The various command shells on Linux (like Bash) have excellent support for scripting. Shell scripts are the Linux equivalent of Windows batch files and offer a way to quickly run multiple commands in a specific pre-defined order and with a preset configuration. If you have much experience at all on the command line, you should not find basic scripting very difficult (there are plenty of online guides to help you write scripts for bash and other shells if you run into trouble). Creating a shell script to hold the necessary Rsync commands is trivial; from that point, you can invoke the shell script in your crontab and each Rsync command will run at the appointed time you set in Cron just as though they were being invoked directly. It helps to specify the full pathname of the shell “/bin/bash $scriptname” in the crontab instead of the shortcut “./$scriptname” to make sure that Cron executes the job successfully. If you have sensitive data, you should definitely consider encrypting it before you place it on a shared server (like a web host). Encryption can be done with GPG in the shell script prior to transmission.
The only foreseeable problem with automated backup is that system configurations tend to change over time. Mount points and IP addresses can be reassigned without notice, and your script will not automatically update itself to include these changes. As long as your Rsync commands are out of date, your files will not be backed up properly and you will have no idea of the problem until it is too late. Therefore, it pays to manually run your backup commands often to check for problems and update your script as necessary.

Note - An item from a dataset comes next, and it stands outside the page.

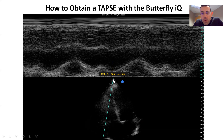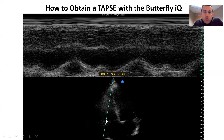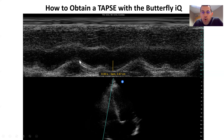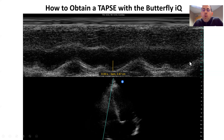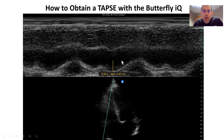Here we see our M-mode coming down, and what we do is put it right through the tricuspid annulus. That tricuspid annulus will be contracting toward and then relaxing away — toward and away. What we see here is that this goes toward the probe and then away, toward the probe and then away. We're interested in how well that right ventricle is contracting, so we're interested in the distance between the trough and the peak, and that tells us how well it's contracting.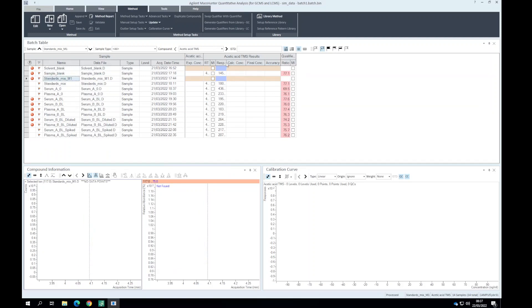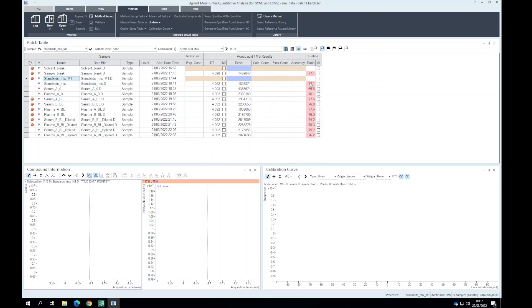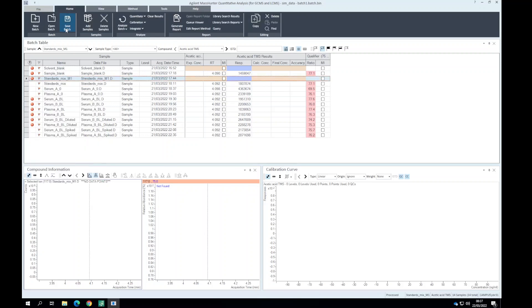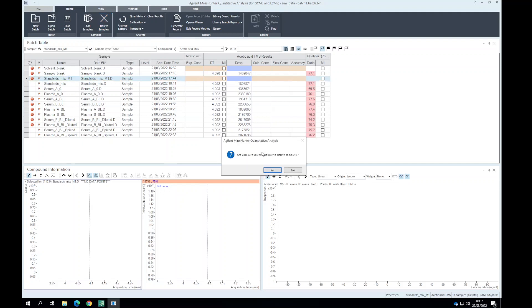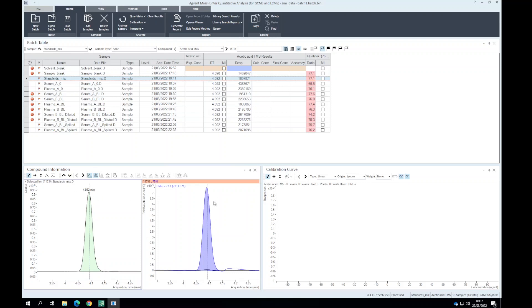We can first look at our standard to get a gauge of what the qualifier ion ratios are here. For our standards this standard was full scan data. I'm just going to remove this sample from the batch. For this standard that's our qualifier ion, that's our quantifier ion, that's our qualifier ion.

Although Rsync can sync between locations on the local system without user input, it usually requires a password before it can sync to a remote system (it uses part of SSH's functionality for this). Since automated Cron jobs prevent user input, there is no way to provide the password when it is needed. Because of this, the default SSH behavior will not work for automated backups. You can get around this by setting up public/private key authentication for SSH; as long as the keys match, no password is required. Be forewarned that the automated key authentication will be broken if the IP address of the remote host changes (this is a deliberate feature to help prevent man-in-the-middle attacks) and that security is compromised slightly. Ultimately, it comes down to a trade-off between security and convenience, so choose wisely based on your situation and needs.